### TASK REQUIREMENTS
Once you reach the line that holds "New Marino Orlandi" in the listing below, output it and every line after it through the line that holds "Πράσινος Πτυσσόμενος Οργανωτής", word for word.

### RECORDS FOR THIS EXERCISE
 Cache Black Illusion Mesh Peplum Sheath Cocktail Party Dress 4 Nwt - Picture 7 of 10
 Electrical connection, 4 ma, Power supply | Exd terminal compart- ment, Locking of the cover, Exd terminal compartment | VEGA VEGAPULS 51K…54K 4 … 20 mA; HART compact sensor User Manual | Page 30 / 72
...
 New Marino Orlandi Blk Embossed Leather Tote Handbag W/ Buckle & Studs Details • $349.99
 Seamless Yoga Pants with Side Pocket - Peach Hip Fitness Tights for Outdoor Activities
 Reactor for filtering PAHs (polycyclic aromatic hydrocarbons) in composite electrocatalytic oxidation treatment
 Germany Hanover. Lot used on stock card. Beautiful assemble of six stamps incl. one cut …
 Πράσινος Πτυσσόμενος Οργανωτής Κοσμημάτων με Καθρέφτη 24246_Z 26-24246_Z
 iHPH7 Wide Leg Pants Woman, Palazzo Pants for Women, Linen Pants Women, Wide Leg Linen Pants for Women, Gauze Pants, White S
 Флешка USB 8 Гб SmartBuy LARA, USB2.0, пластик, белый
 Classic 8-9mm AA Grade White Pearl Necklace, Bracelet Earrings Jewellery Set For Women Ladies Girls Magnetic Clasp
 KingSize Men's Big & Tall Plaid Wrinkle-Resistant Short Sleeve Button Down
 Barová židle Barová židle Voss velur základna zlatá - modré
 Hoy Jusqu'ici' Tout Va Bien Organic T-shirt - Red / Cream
* * *
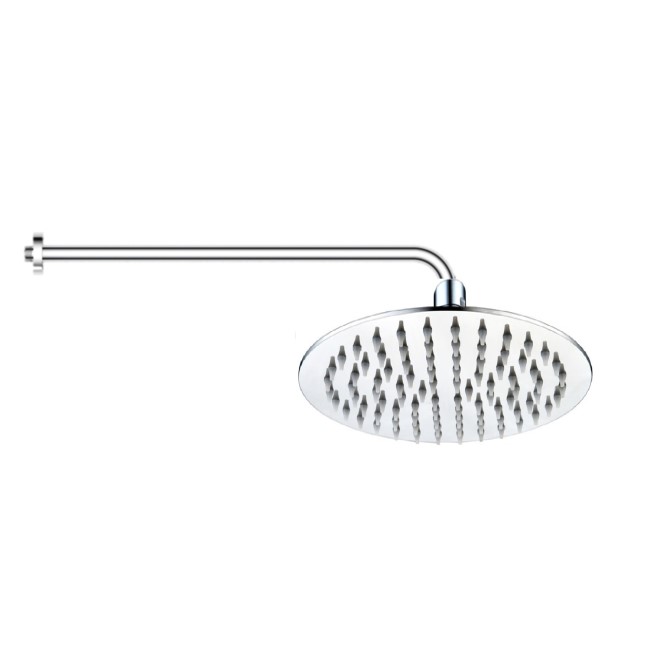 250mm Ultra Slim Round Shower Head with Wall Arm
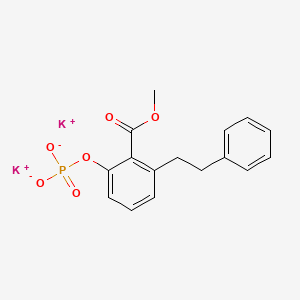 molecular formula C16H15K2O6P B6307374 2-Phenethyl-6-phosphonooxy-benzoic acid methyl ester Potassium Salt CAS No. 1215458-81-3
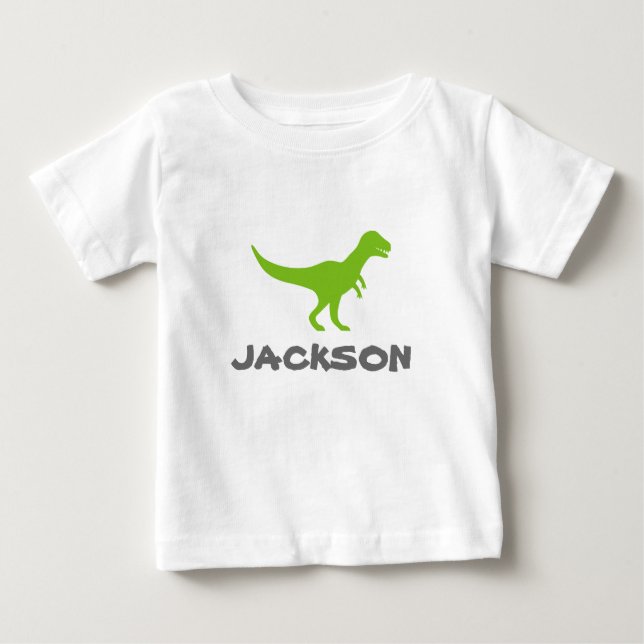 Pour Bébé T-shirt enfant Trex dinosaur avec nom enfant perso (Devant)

### RESPONSE TO THIS EXERCISE
 New Marino Orlandi Blk Embossed Leather Tote Handbag W/ Buckle & Studs Details • $349.99
 Seamless Yoga Pants with Side Pocket - Peach Hip Fitness Tights for Outdoor Activities
 Reactor for filtering PAHs (polycyclic aromatic hydrocarbons) in composite electrocatalytic oxidation treatment
 Germany Hanover. Lot used on stock card. Beautiful assemble of six stamps incl. one cut …
 Πράσινος Πτυσσόμενος Οργανωτής Κοσμημάτων με Καθρέφτη 24246_Z 26-24246_Z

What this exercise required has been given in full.